4. Which of the following relation about plastic moment is correct?
a) M_p = Z_p /f_y
b) M_p = Z_p + f_y
c) M_p = Z_pf_y
d) M_p = Z_p – f_y
Answer: c
Clarification: When every fibre of the section has a strain equal to or greater than ε_y=f_y/E_s , nominal moment strength is referred as plastic moment and is given by M_p = Z_pf_y , where Z_p = ∫ydA is plastic section modulus and f_y = yield stress.

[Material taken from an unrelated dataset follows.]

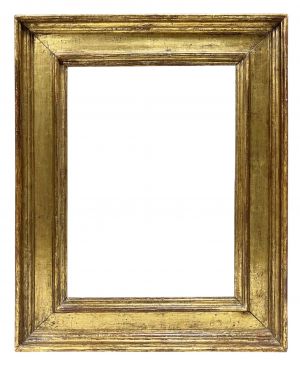 Cadre à cassetta italien XVI-XVIIe — 51,5 x 38 cm — Réf. PC0382M2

5. What is plastic moment of resistance?
a) maximum moment in stress strain curve, the point where the curvature can increase indefinitely
b) maximum moment in stress strain curve, the point where the curvature can decrease indefinitely
c) minimum moment in stress strain curve, the point where the curvature can increase indefinitely
d) minimum moment in stress strain curve, the point where the curvature can decrease indefinitely
Answer: a
Clarification: In stress strain curve, the maximum moment is reached at a point where the curvature can increase indefinitely, neglecting the strain hardening benefits. This maximum moment is called plastic moment of resistance and the portion where this moment occurs is called as plastic hinge.

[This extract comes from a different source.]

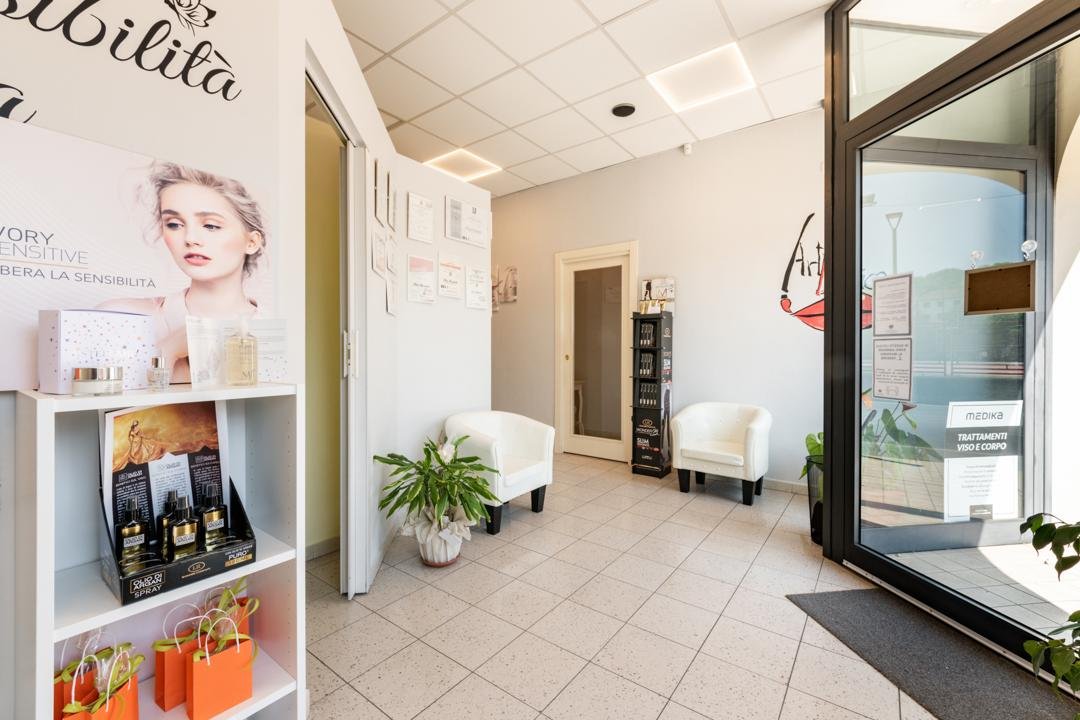 ArtEstetica - Porcari, Toscana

6. In elastic stage, equilibrium condition is achieved when neutral axis ___________ and in fully plastic stage, it is achieved when neutral axis ___________
a) is above centroid of the section, divides the section into two parts of one-third area and two-third area
b) is below centroid of the section, divides the section into two parts of one-third area and two-third area
c) is above centroid of the section, divides the section into two equal areas
d) passes through centroid of the section, divides the section into two equal areas
Answer: d
Clarification: In elastic stage, when bending stress varies from zero at neutral axis to maximum at extreme fibres, equilibrium condition is achieved when neutral axis passes through centroid of the section. In fully plastic stage, because the stress is uniformly equal to yield stress, equilibrium condition is achieved when neutral axis divides the section into two equal areas.

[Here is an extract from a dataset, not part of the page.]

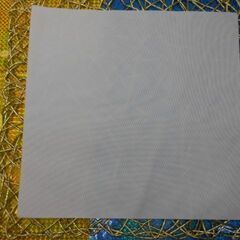 1.100円　　沖縄三線チーガ専用ナイロン下地　２枚セットの画像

7. Which of the following relation is correct for plastic section modulus, Zo ?
a) Z_p = 2A(y₁+y₂)
b) Z_p = A(y₁+y₂)/2
c) Z_p = A(y₁+y₂)/4
d) Z_p = 4A(y₁+y₂)
Answer: b
Clarification: Z_p = A(y₁+y₂)/2, where A= area of cross section, y₁ and y₂ are centroids of portion above and below neutral axis respectively. Plastic modulus is defined as combined statical moment of cross sectional area above and below the equal-area axis.

8. Which of the following relation is correct about shape factor, v?
a) v = Z_p+Z_e
b) v = Z_pZ_e
c) v = Z_p/Z_e
d) v = Z_e/Z_p
Answer: c
Clarification: Shape factor, v = Z_p/Z_e = M_p/M_y , where Z_p and Z_e are plastic and elastic section modulus respectively, M_p and M_y are plastic and elastic moments respectively.

9. The shape factor does not depend on ___
a) material properties
b) cross sectional shape
c) moment of resistance
d) section modulus
Answer: a
Clarification: Shape factor, v = Z_p/Z_e = M_p/M_y, where Z_p and Z_e are plastic and elastic section modulus respectively, Mp and My are plastic and elastic moments respectively. This ratio is the property of cross-sectional shape and is independent of material properties.

10. Match the pairs with correct shape factor

		Cross section				Shape factor (average or maximum)
	A) Circular					(i) 1.8
	B) Rectangular					(ii) 1.14
	C) wide flange I-section (about major axis)	(iii) 1.7
	D) Channels (about minor axis) 			(iv) 1.5

a) A-i, B-ii, C-iii, D-iv
b) A-iv, B-iii, C-ii, D-i
c) A-iii, B-iv, C-ii, D-i
d) A-iii, B-ii, C-iv, D-i
Answer: c
Clarification: Shape factor, v = Z_p/Z_e = M_p/M_y. The shape factor for various cross section are (i) for circular = 1.7, (ii) for rectangular = 1.5, (iii) wide flange I-section (about major axis) = 1.09-1.18, average is 1.14, (iv) wide flange I-section (about minor axis) = 1.67, (v) channels (about major axis) = 1.16-1.22, average is 1.18, (vi) channels (about minor axis) = 1.8 .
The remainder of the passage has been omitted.